Sem falar que, mesmo quando a ameaça de sanções
possa melhorar as condições para certos trabalhadores,
é pouco provável que, na média, as condições
de trabalho na economia ameaçada venham a melhorar.
Como exemplo,
o relatório do Bird menciona as pressões internacionais
para reduzir o uso de trabalho infantil na produção
e exportação de aviamentos em Bangladesh, que resultou
na dispensa das crianças, as quais acabaram recorrendo a
ocupação mais degradantes e prejudiciais, como a prostituição
e o trabalho em pedreiras, ou mesmo em fábricas que não
produziam mercadorias para exportação.
Da mesma forma,
estudos empíricos demostram que a imposição
de sanções comerciais aos exportadores pode causar
consideráveis perdas de produção, pouco fazendo,
ao mesmo tempo, para reduzir a poluição. Em vez de
impor normas ambientais pela via de acordos comerciais, o Banco
Mundial prescreve a liberalização do comércio
e outras reformas econômicas, que contribuam para corrigir
distorções de política econômica que
subsidiem a degradação do meio ambiente. Cita como
exemplo o caso de 12 antigas economias de planejamento centralizado
cujo uso de energia por unidade de produto diminuiu drasticamente
com a adoção do regime de livre mercado, em parte
graças ao aumento dos preços internos do petróleo
e derivados e à composição mais limpa da indústria
de transformação após a liberalização
do comércio exterior e dos preços. A intensidade energética
na China caiu 30% entre 1985 e 1997 quando as reformas pró-mercado
foram introduzidas.
'A comunidade
internacional tem meios mais eficazes do que sanções
comerciais para incentivar a melhoria de padrões laborais
e ambientais nos países em desenvolvimento', assume o relatório.

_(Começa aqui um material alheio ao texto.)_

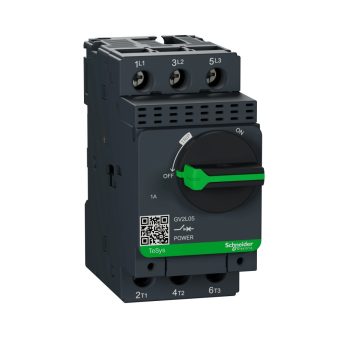 Schneider Electric GV2L05 Motorvédő kapcsoló 1A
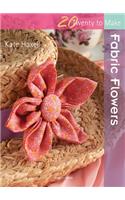 Fabric Flowers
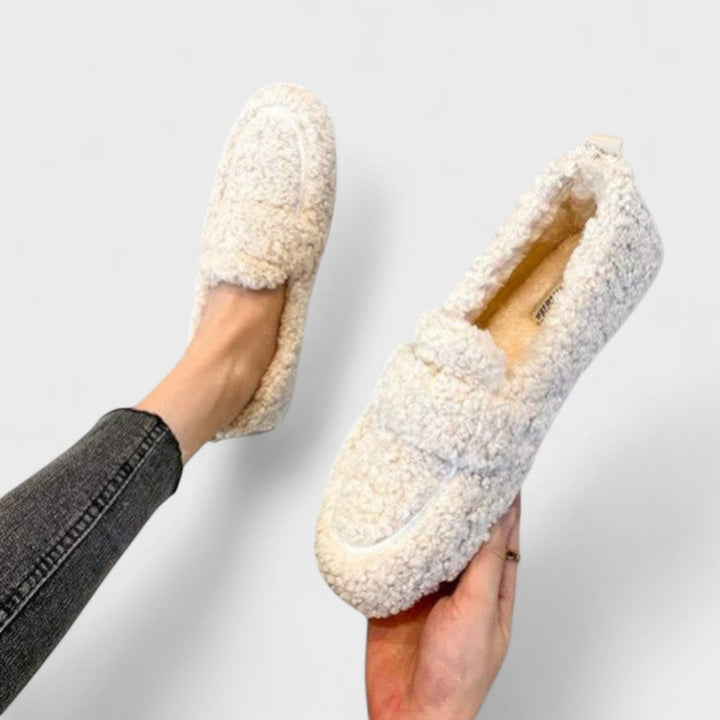 Solenne - Teplá obuv s elegantním designem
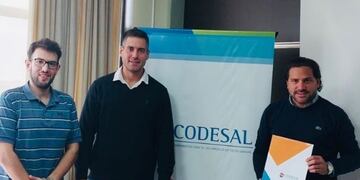 Codesal y  FEHGRA firmaron un convenio de ayuda mutua.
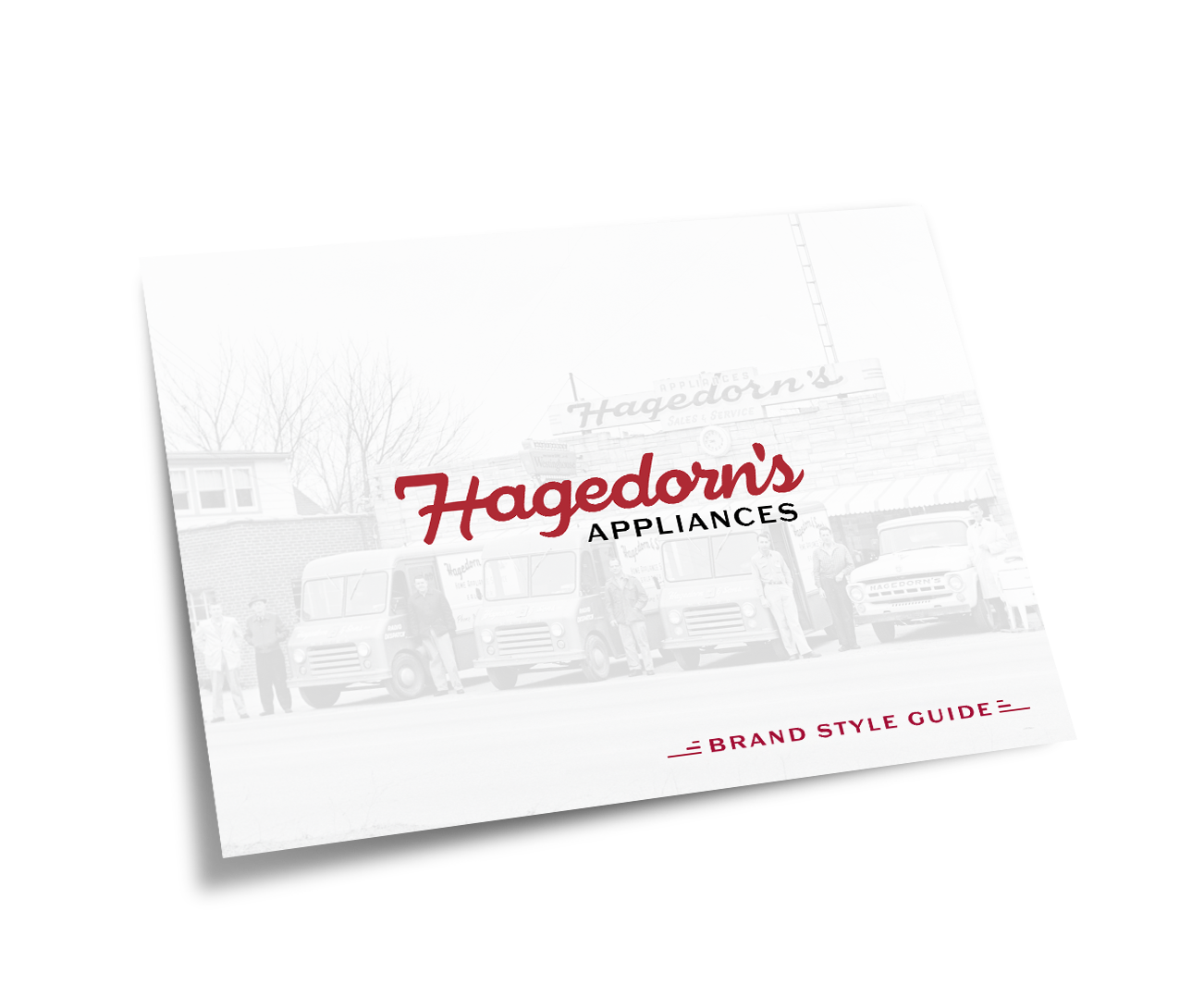 Hagedorn Brand Guideline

'Esforços para apoiar o desenvolvimento, como a assistência
cada vez maior a países que seguem políticas adequadas,
elevarão os padrões. Estimular maior abertura ao comércio
exterior e ao investimento estrangeiro direto facilitará
a difusão de tecnologia mais limpa que pode reduzir a degradação
ambiental e melhorar a produtividade do trabalho, promovendo, assim,
melhores padrões laborais', sustenta o Banco Mundial.